Saints Bounty Scandal Is So Boring
Luis Zendejas was pissed. “If I could’ve stood on two legs, I would’ve decked him,” he said after the Eagles won in Dallas 27-0 on Thanksgiving 1989. Zendejas kicked for the Eagles earlier in the year but was cut and signed with the Cowboys. (“Luis Zendejas, I kick field goals/ Am I nervous, yeah, I suppose,” he sorta rapped in the “Buddy’s Watchin’ You” video in 1988.)
Zendejas and the target of his anger–Eagles coach Buddy Ryan—have been in the news a bit recently due to an NFL investigation of the Saints that produced 50,000 pages somehow: Former New Orleans defensive coordinator Gregg Williams offered players bounties to hurt guys like Kurt Warner and Brett Favre.
This is one case where things really were better in the old days. The Bounty Bowl scandal is infinitely better than the Saints scandal, with a charismatic, wisecracking Philadelphia hero and a whiny Dallas Cowboys kicker, coach and owner playing the villains. (Well, at least this is how we look at it in Philadelphia.) Yes, there were plenty of traditional sportswriter morality tales–“Even the World Wrestling Federation would have been embarrassed to promote Cowboys-Eagles II as entertainment,” Newsday’s Joe Gergen wrote–but the whole thing was much, much more fun.

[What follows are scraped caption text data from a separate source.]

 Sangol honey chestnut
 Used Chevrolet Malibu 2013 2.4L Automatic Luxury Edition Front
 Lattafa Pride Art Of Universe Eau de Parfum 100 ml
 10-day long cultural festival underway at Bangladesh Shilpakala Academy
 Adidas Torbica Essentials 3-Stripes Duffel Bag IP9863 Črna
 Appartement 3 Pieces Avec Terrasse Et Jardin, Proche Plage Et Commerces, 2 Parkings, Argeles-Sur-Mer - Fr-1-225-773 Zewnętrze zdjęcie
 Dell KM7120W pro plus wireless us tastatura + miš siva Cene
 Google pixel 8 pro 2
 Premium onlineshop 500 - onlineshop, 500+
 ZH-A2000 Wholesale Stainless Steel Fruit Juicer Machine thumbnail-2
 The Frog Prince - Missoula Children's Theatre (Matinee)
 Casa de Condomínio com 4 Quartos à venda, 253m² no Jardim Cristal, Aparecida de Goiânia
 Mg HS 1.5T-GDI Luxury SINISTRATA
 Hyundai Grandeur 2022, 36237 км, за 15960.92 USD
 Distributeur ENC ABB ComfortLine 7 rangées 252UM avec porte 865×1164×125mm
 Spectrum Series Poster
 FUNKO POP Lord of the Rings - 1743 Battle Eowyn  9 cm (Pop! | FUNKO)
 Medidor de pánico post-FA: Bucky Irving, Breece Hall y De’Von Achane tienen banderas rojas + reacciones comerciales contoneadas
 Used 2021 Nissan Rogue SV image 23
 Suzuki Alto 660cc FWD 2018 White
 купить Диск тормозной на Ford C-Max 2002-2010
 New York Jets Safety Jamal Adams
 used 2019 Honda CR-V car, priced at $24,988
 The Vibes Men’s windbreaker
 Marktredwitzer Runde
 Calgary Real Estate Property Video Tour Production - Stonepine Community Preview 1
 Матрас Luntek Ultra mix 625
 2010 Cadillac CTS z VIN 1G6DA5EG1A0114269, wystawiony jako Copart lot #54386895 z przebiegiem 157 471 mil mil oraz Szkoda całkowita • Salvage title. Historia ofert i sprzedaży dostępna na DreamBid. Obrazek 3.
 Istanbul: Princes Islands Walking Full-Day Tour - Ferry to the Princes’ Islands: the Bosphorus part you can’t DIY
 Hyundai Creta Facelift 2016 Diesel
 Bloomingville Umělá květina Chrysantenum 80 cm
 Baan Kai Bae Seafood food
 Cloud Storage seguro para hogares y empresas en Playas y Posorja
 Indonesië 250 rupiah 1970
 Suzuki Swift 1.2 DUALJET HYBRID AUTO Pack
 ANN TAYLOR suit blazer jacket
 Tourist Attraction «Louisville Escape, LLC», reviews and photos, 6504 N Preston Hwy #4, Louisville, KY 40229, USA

During his only play on the field that Thanksgiving, Eagles linebacker Jesse Small cut through two Cowboys and hammered Zendejas to the ground. After the game Jimmy Johnson alleged Ryan placed a bounty on Zendejas ($200) and quarterback Troy Aikman ($500). It was dubbed the Bounty Bowl. “He put his big, fat rear end into the dressing room as fast as he could,” Cowboys coach Jimmy Johnson complained after the game. “It’s stupid to have a coach like that in the NFL, the fat little guy,” Zendejas added.
“It’s like he called me fat,” Ryan retorted. “I resent that. I lost some weight, and I thought I was looking good.”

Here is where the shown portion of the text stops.